** PROVIDED ENTRIES follows **

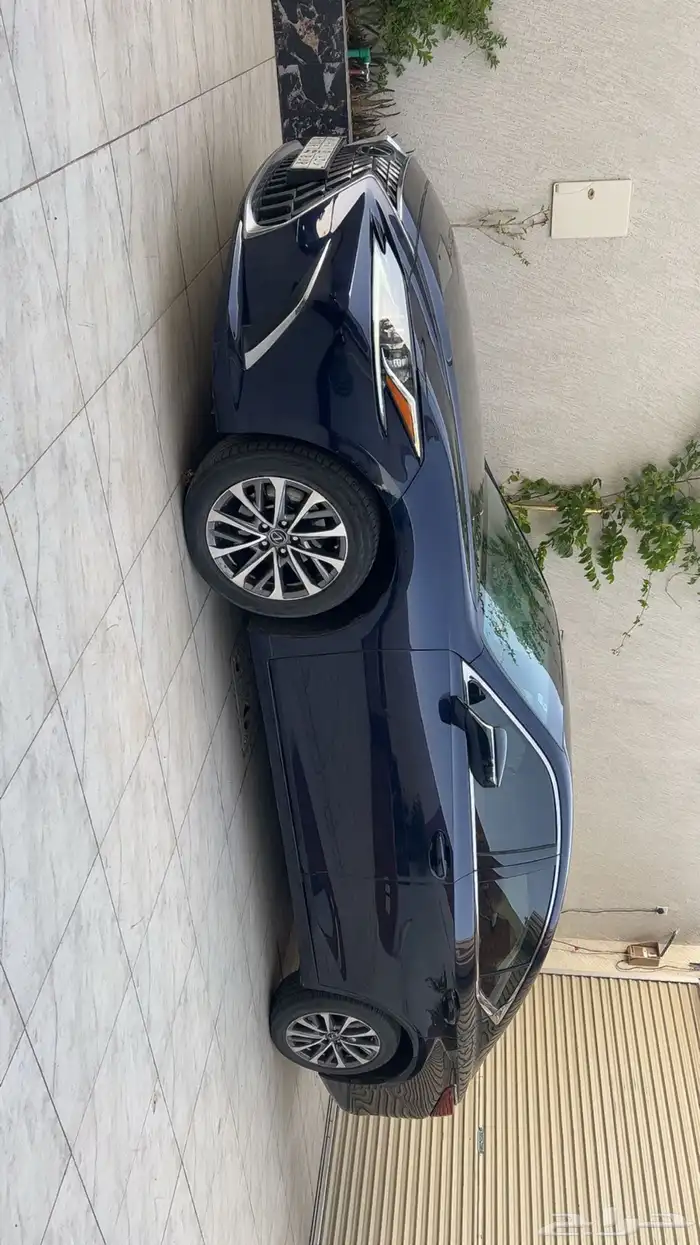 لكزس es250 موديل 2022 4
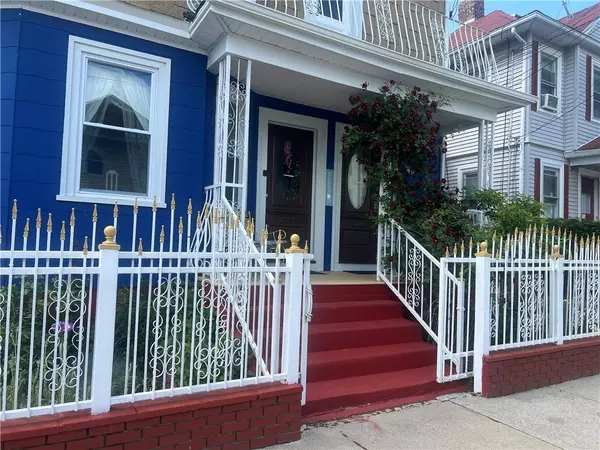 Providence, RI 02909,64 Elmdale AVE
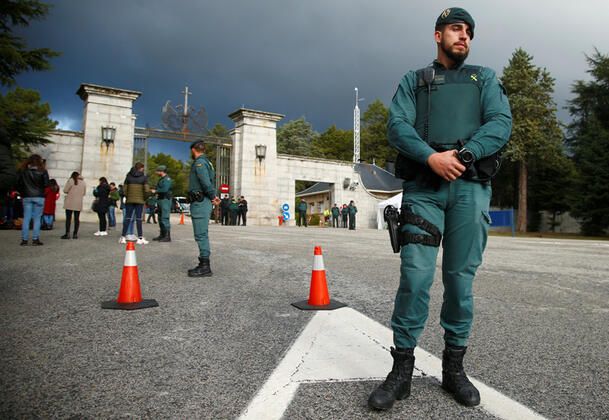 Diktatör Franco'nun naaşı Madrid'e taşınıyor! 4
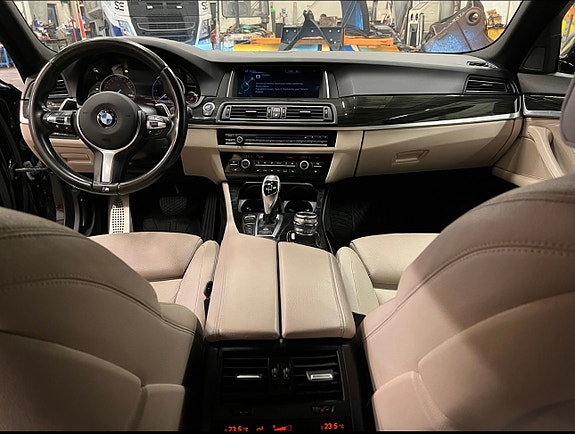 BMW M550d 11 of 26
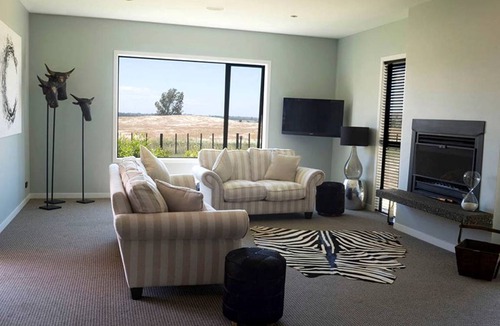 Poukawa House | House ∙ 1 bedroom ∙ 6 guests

** End of PROVIDED ENTRIES **

• PROBLEM TO SOLVE
Exactly the lines from the one containing "Providence, RI 02909,64 Elmdale AVE" to the final line of the entries are wanted; please write them out, both ends included, but not the pictures.

• RESPONSE BELOW
 Providence, RI 02909,64 Elmdale AVE
 Diktatör Franco'nun naaşı Madrid'e taşınıyor! 4
 BMW M550d 11 of 26
 Poukawa House | House ∙ 1 bedroom ∙ 6 guests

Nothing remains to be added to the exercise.